Everything about Lavell Crawford's stand-up comedy is big. His sizable stage presence. His larger-than-life personality. His animated facial expressions. His raspy voice, which occasionally sounds like a bullfrog that hopped out of a Southern swamp.
So it's ironic that his most recent claim to fame was playing Huell Babineaux, the quiet muscle of sleazy attorney Saul Goodman on the television phenomenon Breaking Bad.
Crawford's character often provided levity to the dark crime drama by not saying much at all, whether he was lying on a giant pile of cash or looking half-asleep standing guard, taking some seriously labored breaths.
"The funny thing is when you see a security guard getting paid minimum wage, that's exactly what he's doing," said Crawford, who comes to Lexington's Comedy Off Broadway this weekend.
Unlike Huell, Crawford isn't just standing around doing nothing. He has been busy for quite a while.
He has racked up a bevy of TV appearances, performing stand-up on BET's Comic View, HBO's Russell Simmons' Def Comedy Jam and Showtime at the Apollo. But it was his second-place-finish on NBC's Last Comic Standing in 2007 that exposed his brand of comedy to a wider audience.
He eventually landed a half-hour stand-up special on Comedy Central before recording his one-hour special, Can a Brother Get Some Love?, in 2011 in St. Louis, his hometown. In his routines, Crawford's brutally honest, unfiltered observational humor and elaborate storytelling doesn't spare anyone, including himself.
"If I didn't say something about being a big guy, somebody else would bring it up," Crawford said. "You use what you've got. Every part of you is your strength. If you do it in your own words, it's hilarious."
Since his run on Breaking Bad, he has been afforded more opportunities, most notably a film role opposite Kristen Stewart and Jesse Eisenberg in the action comedy American Ultra, set for release in 2015.
A lot of loyal fans come to his stand-up appearances who know him from his early work, but his roles on Breaking Bad and various other projects have diversified his fan base.
"I've had old white ladies who would call the police if they seen me in their neighborhood come up to me and say, 'I thought you were hilarious,'" Crawford said.

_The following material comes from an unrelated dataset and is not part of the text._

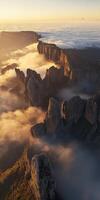 Sunset over mountain cliffs photo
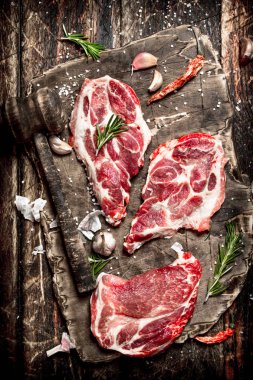 Çiğ et arka plan. Baharat ve otlar ile çiğ biftek parçaları. Ahşap arka plan üzerinde.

Unlike other comedians who use time on the road to fine-tune material for a potential hourlong special, Crawford has only a few bits that he's determined to try out. The rest is anybody's guess.
"This is a second helping of it. I've probably got a five-course meal I haven't let out of the bag yet," Crawford said. "When you're blessed with creativity, you don't want to worry about, 'Oh, I have to say these things.' I want it to be organic."

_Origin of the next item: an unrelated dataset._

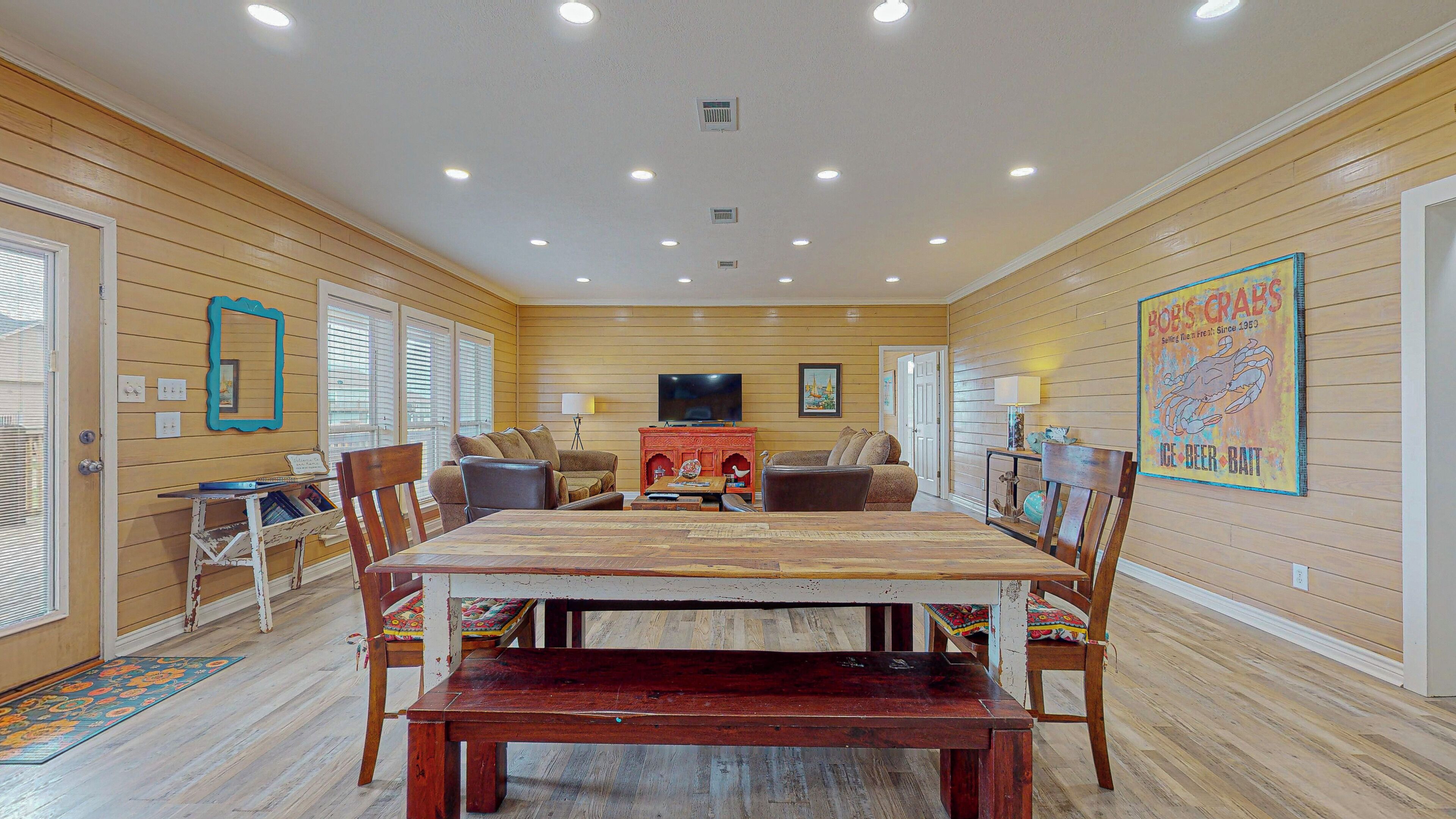 A spacious room with a wooden floor, a large dining table, and a television.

That being said, it doesn’t mean he doesn’t get a request at almost every stop to retell some of his older materials fans know and love. While he tends to let his old jokes remain in the past, he’ll occasionally oblige. For all the current and upcoming projects Crawford may have outside of stand-up comedy, he ultimately wants the laughs he gets on stage to be the highlight of his career.
“I get people requesting (jokes) like I’m an R&B group,” Crawford said. “That’s so complimentary. I would rather people know my jokes than know my name.”